« Père, glorifie ton Fils » !

Nous voilà entre Ascension et Pentecôte. Un dimanche peu ordinaire car il nous permet, dans le temps liturgique, de faire l’expérience des Apôtres qui viennent de voir Jésus s’en aller vers le ciel et qui restent dans l’attente de la venue du Défenseur promis, de l’Esprit Saint.

Dans la chambre haute, la prière est fervente, profonde, suppliante. Les Apôtres, Marie et quelques autres espèrent la venue de l’Esprit promis. Ouvrons nos cœurs au Souffle de vérité, de feu, de bienveillance. Nous pourrons ainsi manifester le Nom de Jésus aux hommes avec joie.

À chaque messe nous chantons la gloire de Dieu. Ainsi nous reconnaissons tout le « poids » de l’Amour de Dieu. Jésus, durant sa vie publique, n’a cessé de donner du « poids » à l’Amour de son Père. Et Dieu, en ressuscitant son Fils donne du « poids » à l’Amour qui n’est vrai qu’au sang versé. Alors, oui, chantons la gloire de Dieu.

Au terme de ce parcours pascal, le visage de Dieu se révèle à notre cœur dans le grand élan d’une foi toujours reçue : « Nous croyons que le Sauveur du monde est auprès de toi… Fais nous croire qu’il est encore avec nous… » (Prière d’ouverture de la messe). Entre le Père et nous il y a ce lien commun, cet amour commun : Jésus.

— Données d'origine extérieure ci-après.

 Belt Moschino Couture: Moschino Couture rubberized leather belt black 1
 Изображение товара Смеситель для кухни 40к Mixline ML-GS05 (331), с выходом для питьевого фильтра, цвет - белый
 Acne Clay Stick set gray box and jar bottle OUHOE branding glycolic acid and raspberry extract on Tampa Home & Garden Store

Jésus fait le bilan devant son Père et nous attire du même coup au cœur de leur relation. « Je suis venu de toi… je viens vers toi ». Toute sa vie, tout son mystère tiennent dans cette trajectoire lumineuse. Ce visage est celui de l’abandon, de l’amour vécu dans un partage total : « Tout ce qui est à moi est à toi, tout ce qui est à toi est à moi ». Par lui, avec lui et en lui, nous appartenons au Père. Et ce visage unique du Christ rayonne en chaque être humain. Son mystère est la clé de notre mystère.

Une petite communauté prête à recevoir l’Esprit : une communauté où prennent place quelques femmes dont Marie, « mère de Jésus ». Celle de qui le Verbe a pris chair est nommée ici, comme sont nommés les Apôtres. Elle continue d’occuper une place privilégiée dans l’œuvre de son Fils, une place à la fois discrète et unique. Et au cœur de cette petite communauté témoin « des souffrances du Christ », mûrit l’avenir de l’Église. C’est là, au cœur du silence, que demain le Souffle de Dieu fera irruption.